3、数据收集与处理(akshare爬实时上证指数)
import akshare as ak
import numpy as np
import pandas as pd
from pandas.tseries.offsets import CustomBusinessDay
from datetime import datetime
import xgboost as xgb
df = ak.stock_zh_index_daily_em(symbol='sh000001')
数据预处理:时间特征转换及时间特征结合K线特征
today = datetime.today()
date_str = today.strftime("%Y%m%d")
base = int(datetime.strptime(date_str, "%Y%m%d").timestamp())
change1 = lambda x: (int(datetime.strptime(x, "%Y%m%d").timestamp()) - base) / 86400
change2 = lambda x: (datetime.strptime(str(x), "%Y%m%d")).day
change3 = lambda x: datetime.strptime(str(x), "%Y%m%d").weekday()

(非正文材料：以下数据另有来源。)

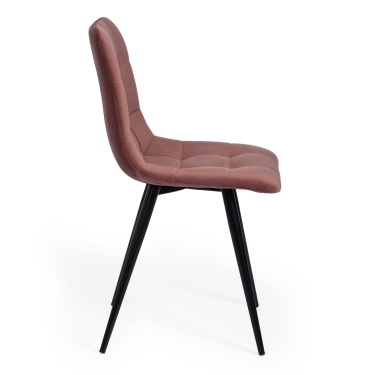 Стул Tetchair CHILLY mod. 7095 ткань/металл, 45x53х88 см, высота до сиденья 50 см, коралловый barkhat 15 /черный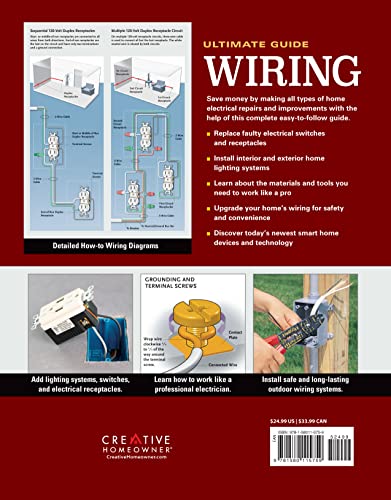 Ultimate Guide: Wiring, 9th Updated Edition (Creative Homeowner) DIY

df['date'] = df['date'].str.replace('-', '')
X = df['date'].apply(lambda x: change1(x)).values.reshape(-1, 1)
X_month_day = df['date'].apply(lambda x: change2(x)).values.reshape(-1, 1)
X_week_day = df['date'].apply(lambda x: change3(x)).values.reshape(-1, 1)
XX = np.concatenate((X, X_week_day, X_month_day), axis=1)[29:]
FT = np.array(df.drop(columns=['date']))
min_vals = np.min(FT, axis=0)
max_vals = np.max(FT, axis=0)
FT = (FT - min_vals) / (max_vals - min_vals)
window_size = 30
num_rows, num_columns = FT.shape
new_num_rows = num_rows - window_size + 1
result1 = np.empty((new_num_rows, num_columns))
for i in range(new_num_rows):
window = FT[i: i + window_size]
window_mean = np.mean(window, axis=0)
result1[i] = window_mean
result2 = np.empty((new_num_rows, num_columns))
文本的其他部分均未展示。